Indie Spirit Nominee 'Evolution of a Criminal' Is Provocative, Must-See Doc Debut

Evolution of a Criminal” is a documentary and a provocation, a movie and a bitter truth to swallow. First-time filmmaker Darius Clark Monroe returns to the scene of a crime he committed ten years ago in this docu-confession that subtly raises questions about how harsh economic realities in certain pockets of the US turn young people into lawbreakers.

Monroe not only has an urgent story he needs to tell, involving a bank robbery he committed with two friends at the age of 16, he’s also an exceptionally gifted filmmaker who finds novel ways to recreate, and evoke, his past mistakes. “Evolution” layers interviews alongside Monroe’s door-to-door catharsis quest, or something like it, as he tracks down the people affected by the robbery to ask for forgiveness. And, in effect, to put a rather banal face on what the law deemed a hideous crime.

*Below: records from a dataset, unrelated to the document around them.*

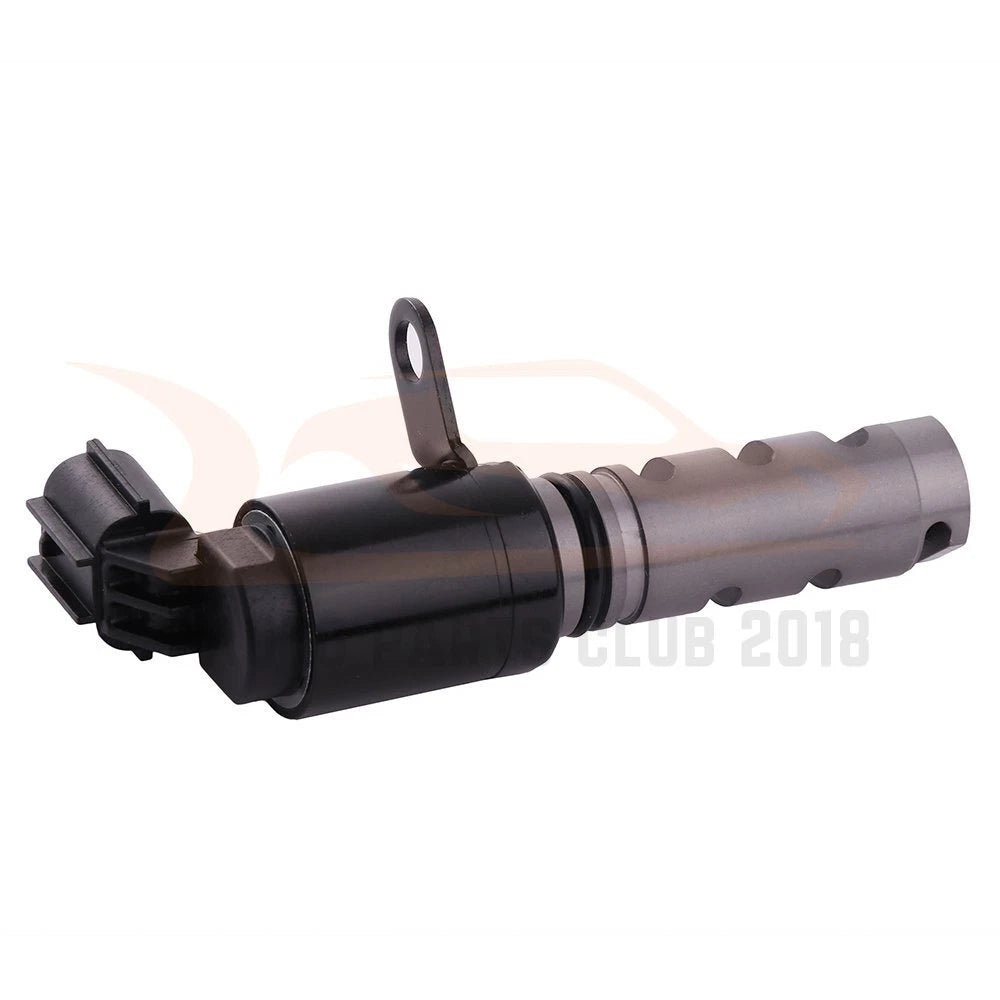 Solenoid Valve Cam Timing Oil Control for Kia Optima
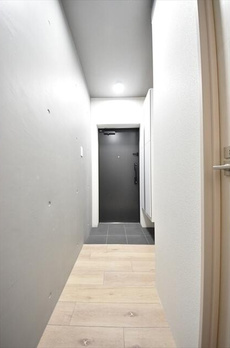 ＣＡＳＡ　ＰＩＡＺＺＡ　西日暮里 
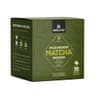 Solve! - Mushroom Matcha Elixir - 12 Sachets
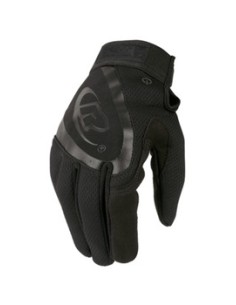GUANTES ANSELL RINGERS R133 TALLA 10 (MEDIDA L)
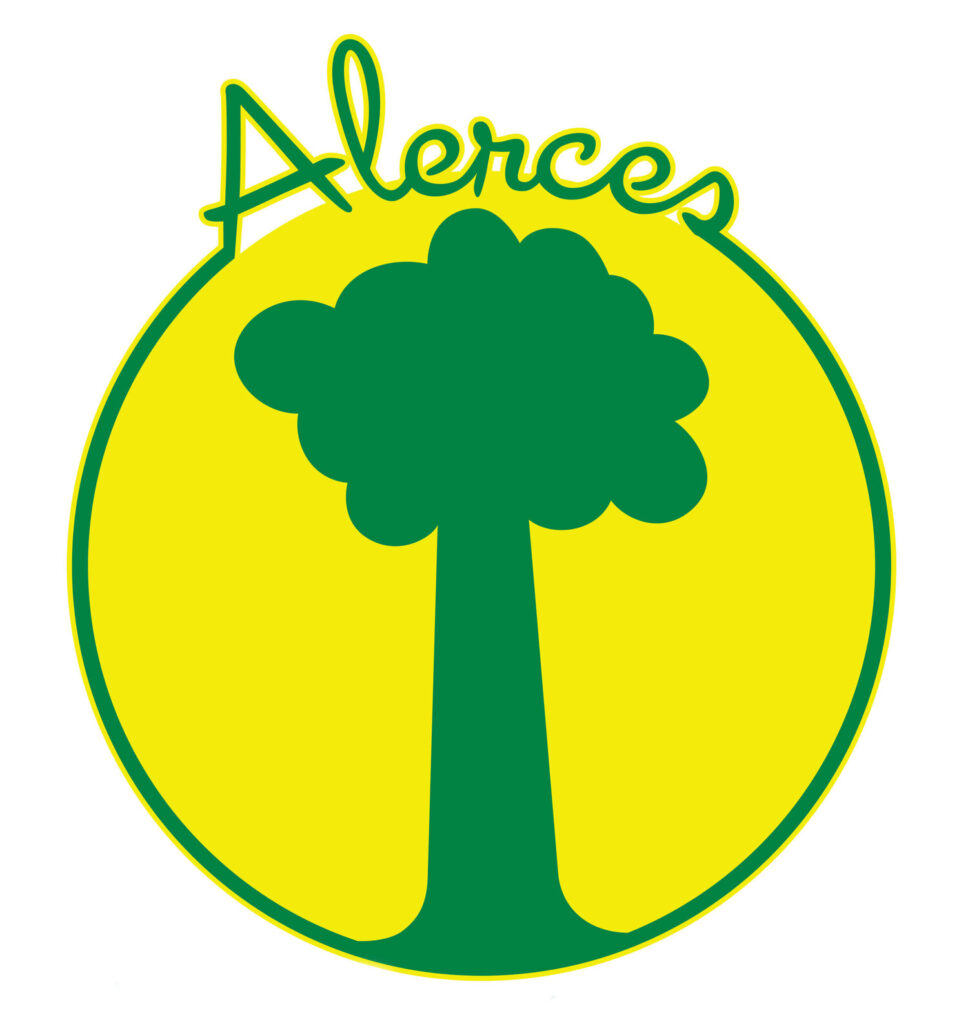 Alerces-Web-Logo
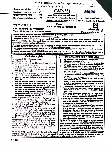 RPSC Assistant Professor Drawing & Painting Paper II 2025 question paper page 1 instructions scan PDF download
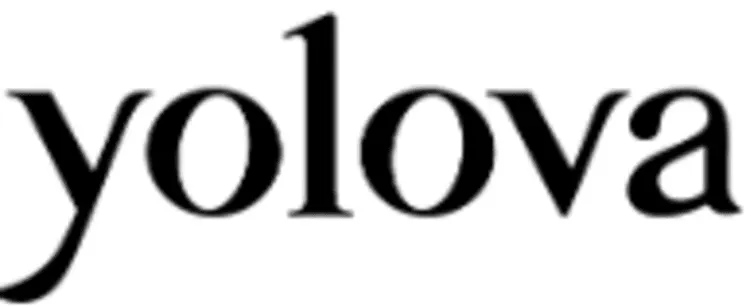 Merchant logo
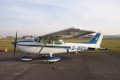 Cessna-Skyhawk II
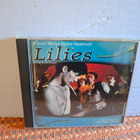 Mychael Danna:Lilies (Original Motion Picture Soundtrack) CD - pikkukuva 1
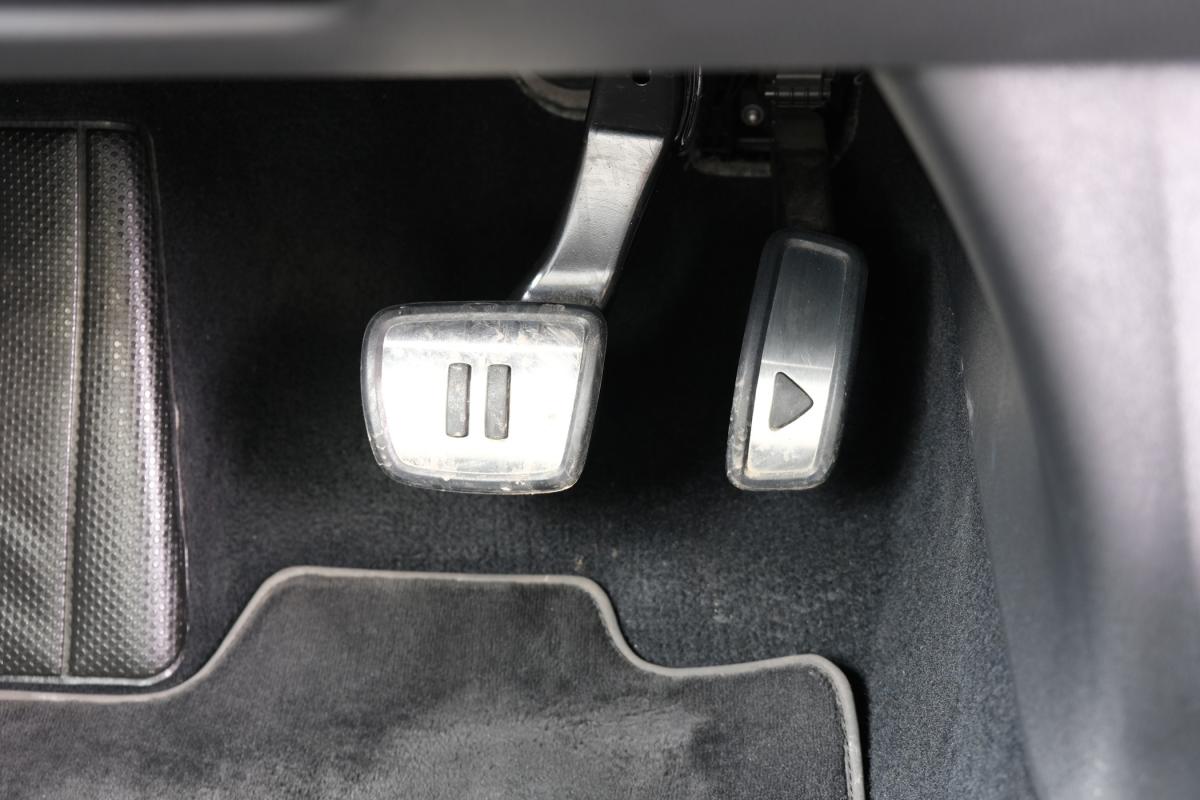 volkswagen-id-3-2020-eletrico-500cc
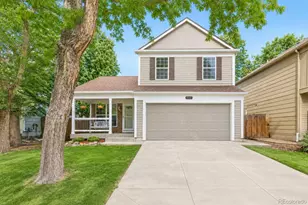 8547 Union Cir, Arvada, CO 80005 - Photo 1
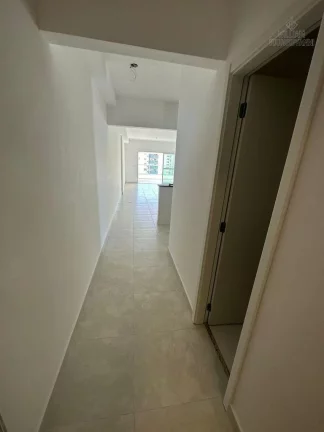 Imagem MARAVILHOSO APARTAMENTO 4 QUARTOS COM SUÍTES NA PRAIA EM MONGAGUÁ!
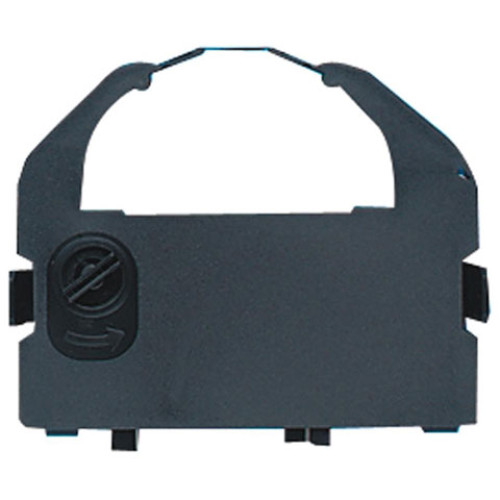 Epson Ribbons InkJet Cartridge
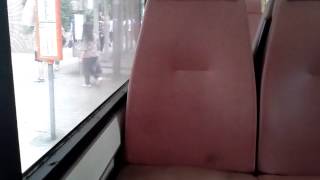 KMB: HS 539 (Route 69M,2015-08-11)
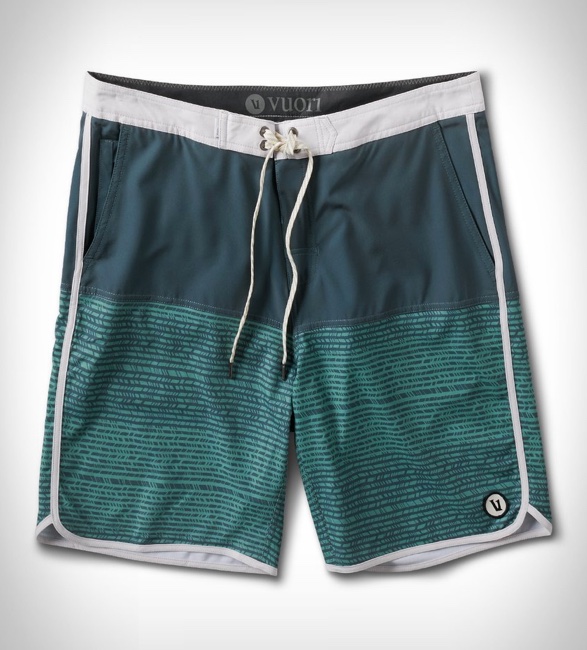 vuori-boardshorts-4.jpg | Image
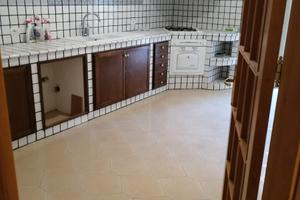 Quadrilocale a porto Empedocle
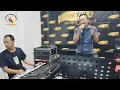 Download Lagu TANGIH DI RANTAU Cover AJO MONOK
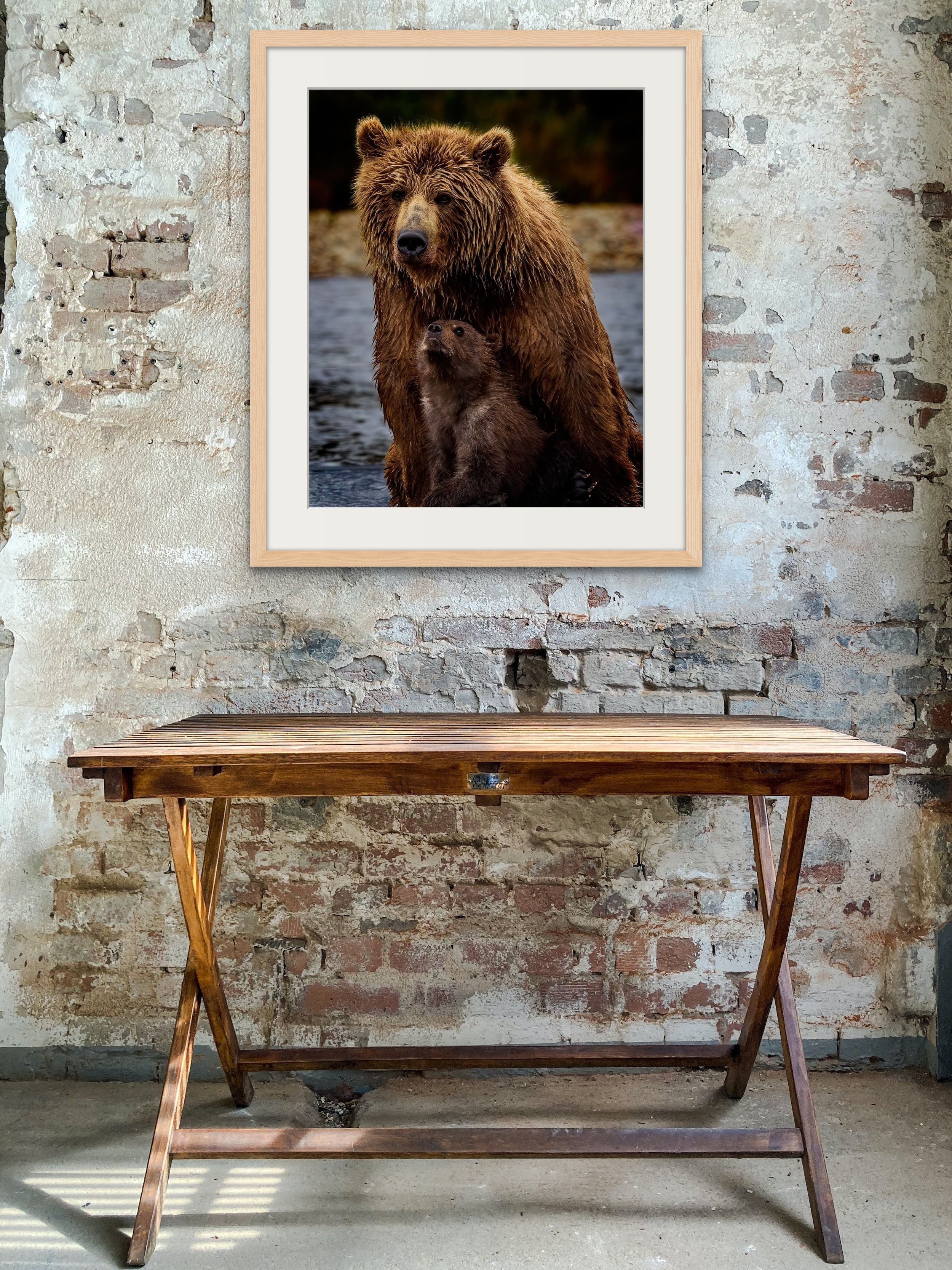 Grizzly-Cub-with-Mother-room.jpg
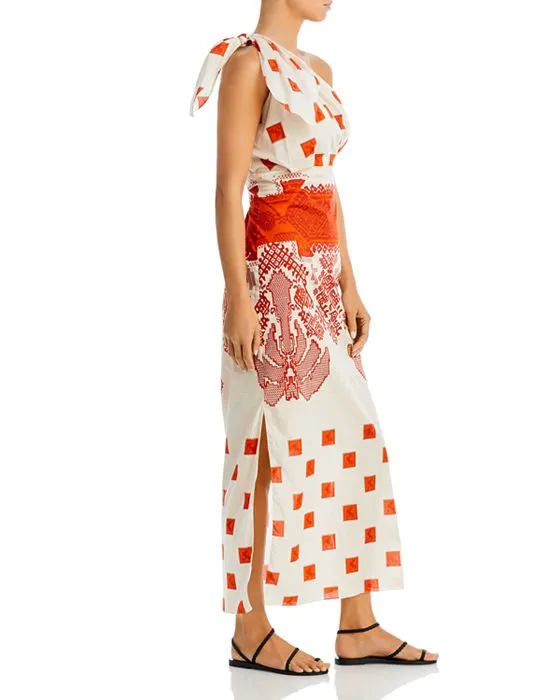 https://images.styletyx.com/images/andrean-cotton-printed-one-shoulder-dress-johanna-ortiz-562905605_5.webp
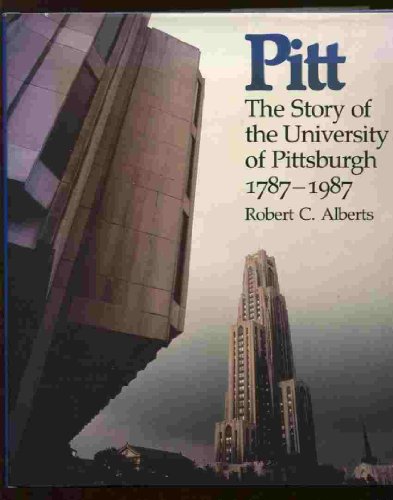 Pitt
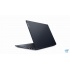 Laptop Lenovo IdeaPad S340 14" HD, Intel Core i5-8265U 1.60GHz, 8GB, 1TB + 128GB SSD, Windows 10 Home 64-bit, Azul  5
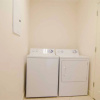 Отель Grandview East by Royal American Beach Getaways, фото 4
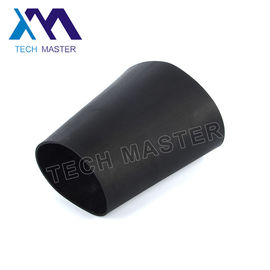 Auto Spear Parts Front Air Rubber Sleeve dla Mercedes Benz W220 2203202438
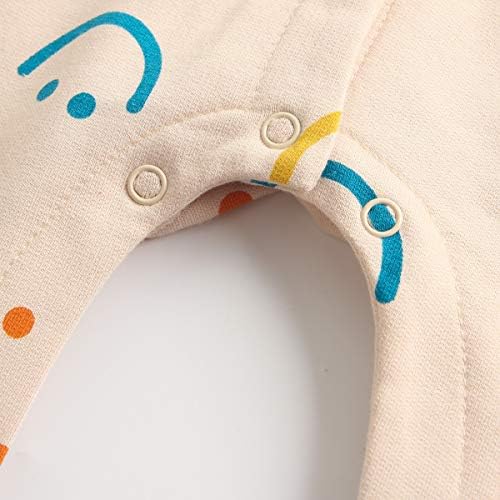 Short Bébé Gabardine De Coton Effet Denim Bleu Jean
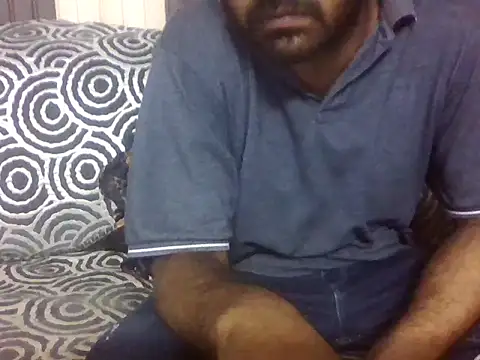 lucknowguy live webcam show
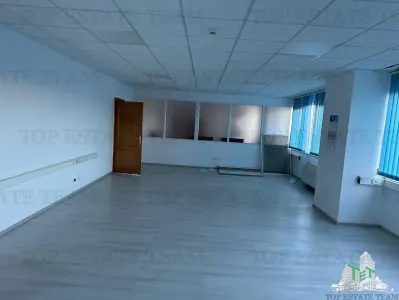 Office & Commercial Space for Rent – 360 sqm, Bd. Timisoara, Sector 6 - foto 3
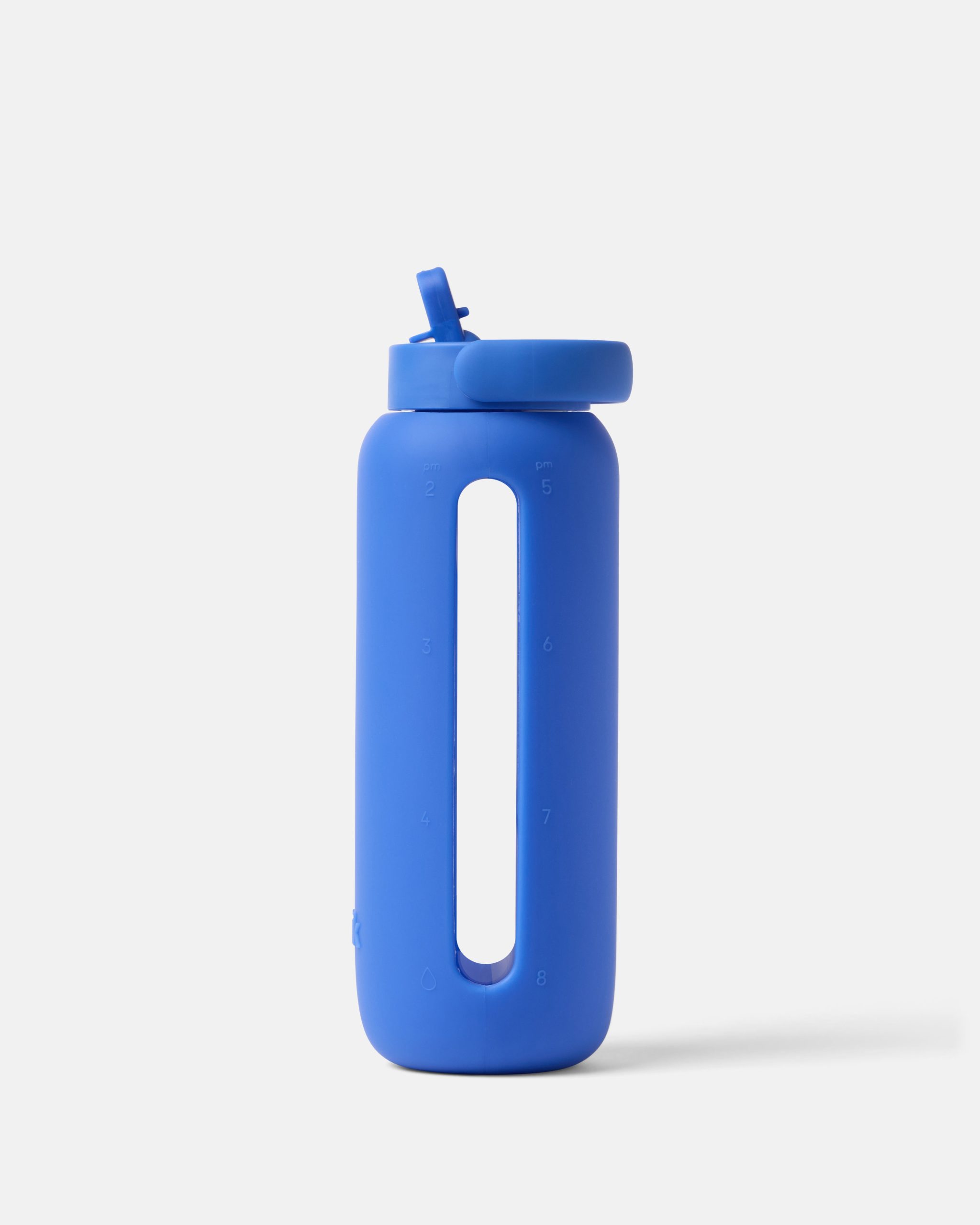 Cobalt_002_0eb061ff-01ff-4c4f-9bf6-404036d57ecc-1.jpg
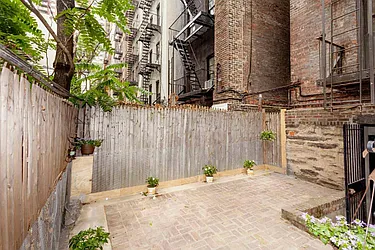 Rented by Town Residential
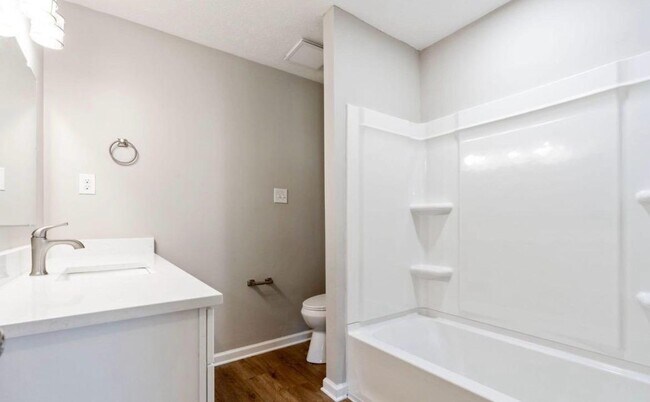 Foto del edificio - Stone Bluff Rd.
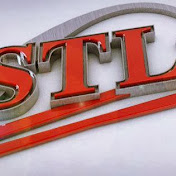 STL TV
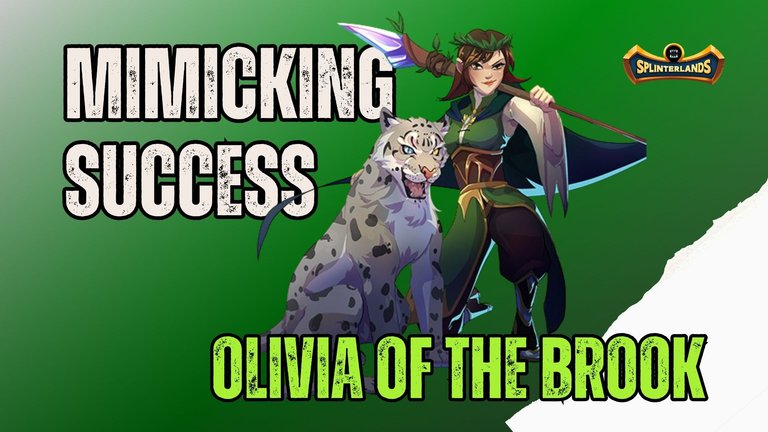 OliviaOfTheBrook.jpg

Monroe’s family—including a loving mother, doting grandmother and strong-headed stepdad—was already struggling financially when home invaders ransacked their house, painting 16-year-old Monroe into the corner of wanting to help his broke parents.

His startling interviews with family members are the blood and the soul of the movie. It takes a moment to realize they’re talking to Monroe, who’s not only directing these testimonies, but asking the questions, too.

Monroe is now of course out of prison and a graduate of NYU’s Tisch School of the Arts. He’s an excitingly talented filmmaker who is not distracted by the easy cliches that could’ve been used to tell this story. There are no scary prison tales—though Monroe spent several years there—nor is there grandiose finger-wagging at municipal neglect and institutional racism. Those issues always loom, but never overshadow the film’s human focus.

“Evolution of a Criminal” took Monroe seven years to make and it’s an astonishing feat of storytelling that he was able to whittle 85 hours of footage down to 83 compact minutes. It would be an injustice not to see it on the Oscar doc shortlist this year. Now in theaters via The Film Collaborative.